WORK ITEM: The lines below, from the one holding "883 N IRD RENDERING.jpg" through the one holding "Click to get", are to be restated word for word, with all images left out.

LISTED RECORDS START

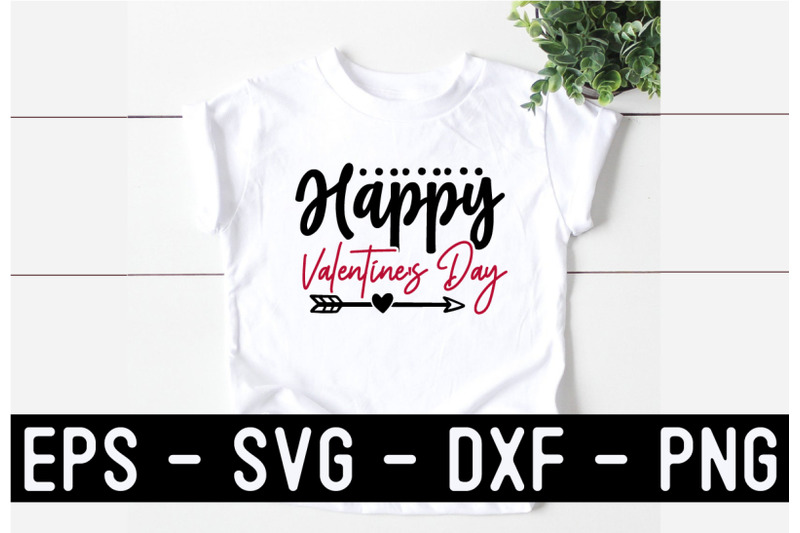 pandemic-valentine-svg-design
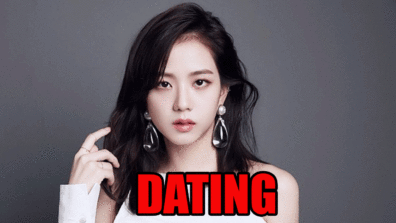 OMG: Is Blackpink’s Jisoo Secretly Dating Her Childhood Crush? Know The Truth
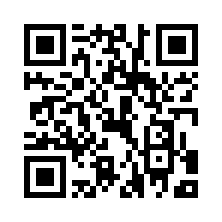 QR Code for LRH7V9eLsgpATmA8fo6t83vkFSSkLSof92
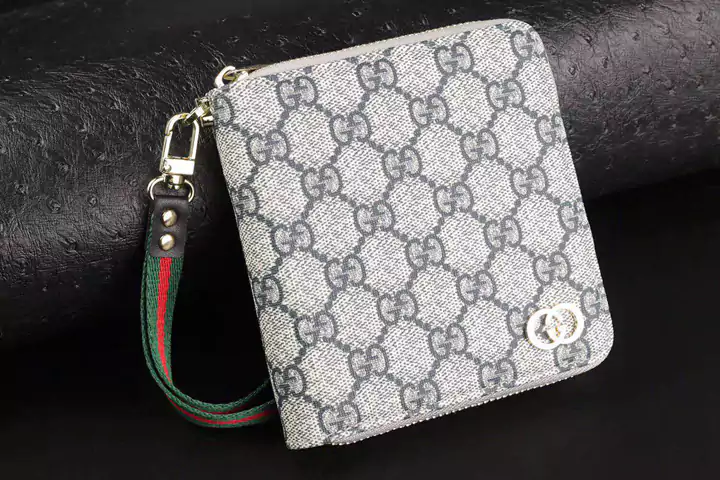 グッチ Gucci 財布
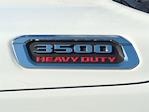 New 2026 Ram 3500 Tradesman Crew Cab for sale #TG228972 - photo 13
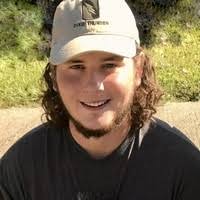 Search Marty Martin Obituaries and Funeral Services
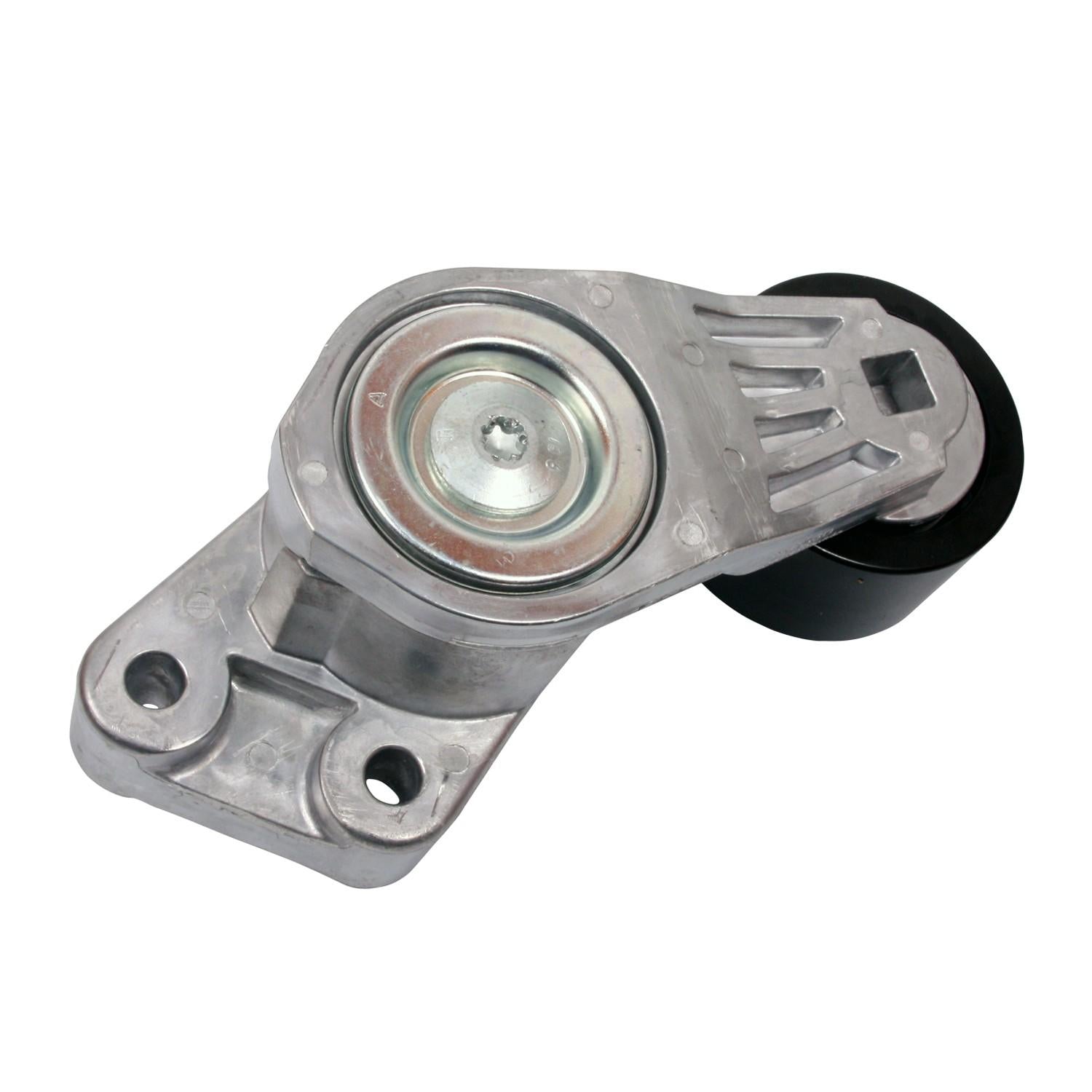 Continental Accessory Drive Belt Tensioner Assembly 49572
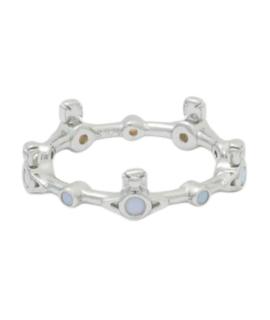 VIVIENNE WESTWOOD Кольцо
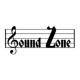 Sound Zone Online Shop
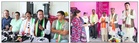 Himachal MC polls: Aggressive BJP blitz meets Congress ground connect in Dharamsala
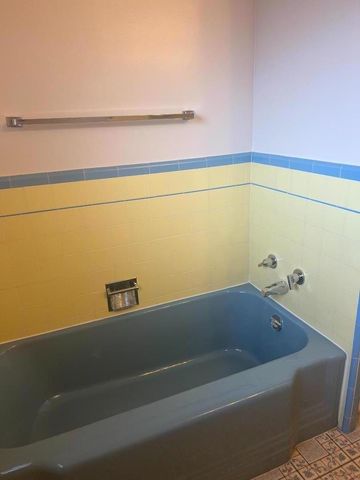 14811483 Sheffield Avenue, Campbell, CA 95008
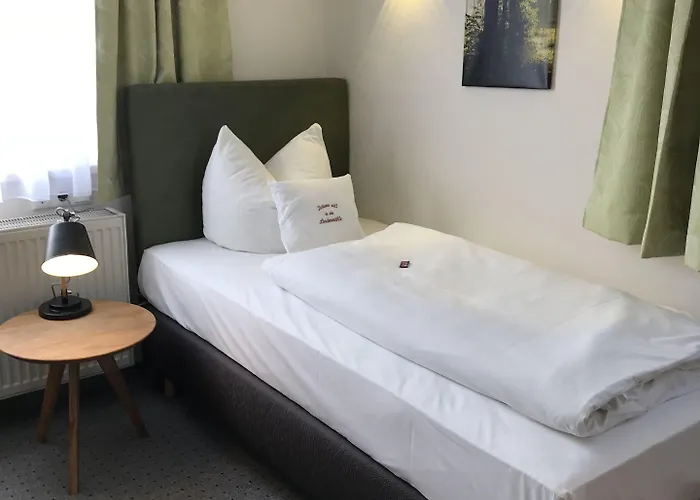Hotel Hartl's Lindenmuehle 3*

LISTED RECORDS END
LISTED RECORDS START

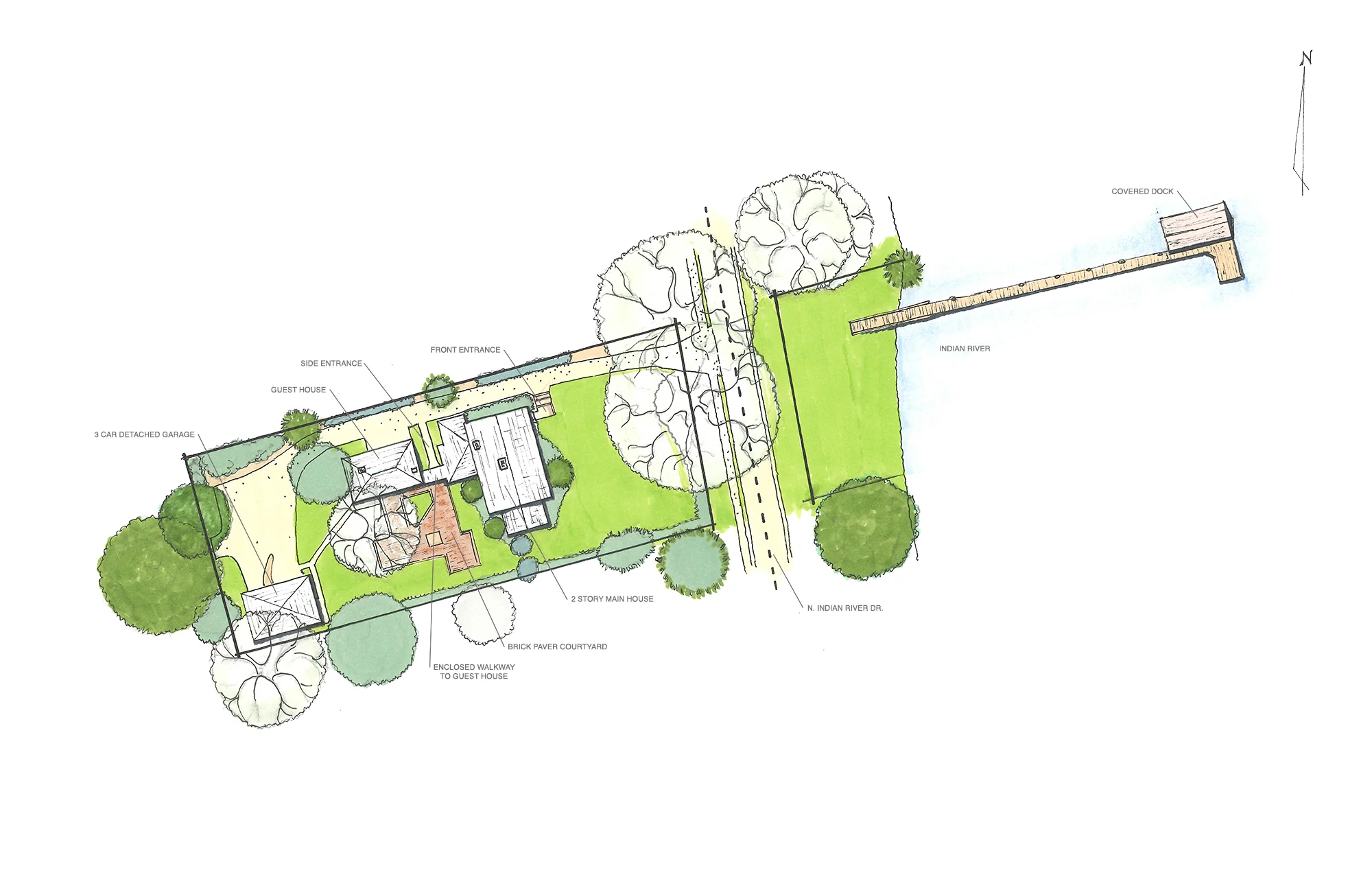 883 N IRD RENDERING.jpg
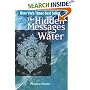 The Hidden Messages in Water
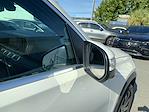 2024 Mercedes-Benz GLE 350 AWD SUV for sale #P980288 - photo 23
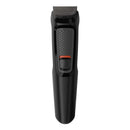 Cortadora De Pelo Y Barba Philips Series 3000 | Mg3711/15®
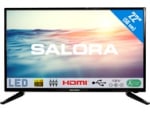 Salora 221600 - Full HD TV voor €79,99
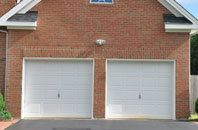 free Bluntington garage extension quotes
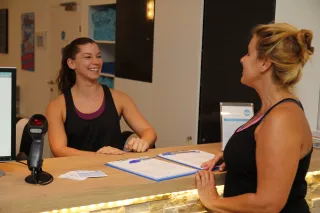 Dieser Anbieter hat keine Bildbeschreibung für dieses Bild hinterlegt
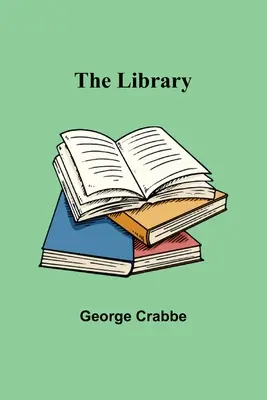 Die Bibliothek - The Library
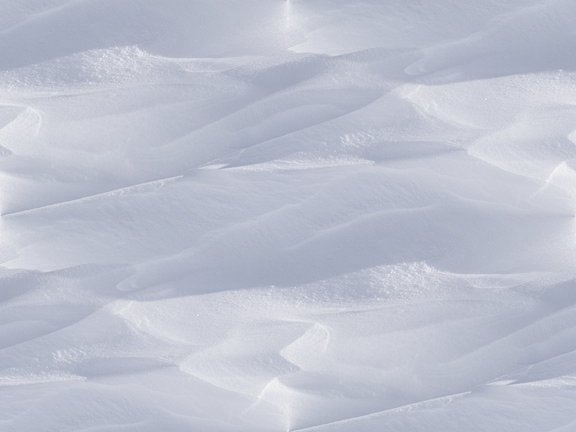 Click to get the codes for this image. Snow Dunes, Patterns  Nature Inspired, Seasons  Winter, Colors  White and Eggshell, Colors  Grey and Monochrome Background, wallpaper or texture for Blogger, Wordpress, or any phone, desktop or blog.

LISTED RECORDS END

WRITTEN SOLUTION:
 883 N IRD RENDERING.jpg
 The Hidden Messages in Water
 2024 Mercedes-Benz GLE 350 AWD SUV for sale #P980288 - photo 23
 Cortadora De Pelo Y Barba Philips Series 3000 | Mg3711/15®
 Salora 221600 - Full HD TV voor €79,99
 free Bluntington garage extension quotes
 Dieser Anbieter hat keine Bildbeschreibung für dieses Bild hinterlegt
 Die Bibliothek - The Library
 Click to get the codes for this image. Snow Dunes, Patterns  Nature Inspired, Seasons  Winter, Colors  White and Eggshell, Colors  Grey and Monochrome Background, wallpaper or texture for Blogger, Wordpress, or any phone, desktop or blog.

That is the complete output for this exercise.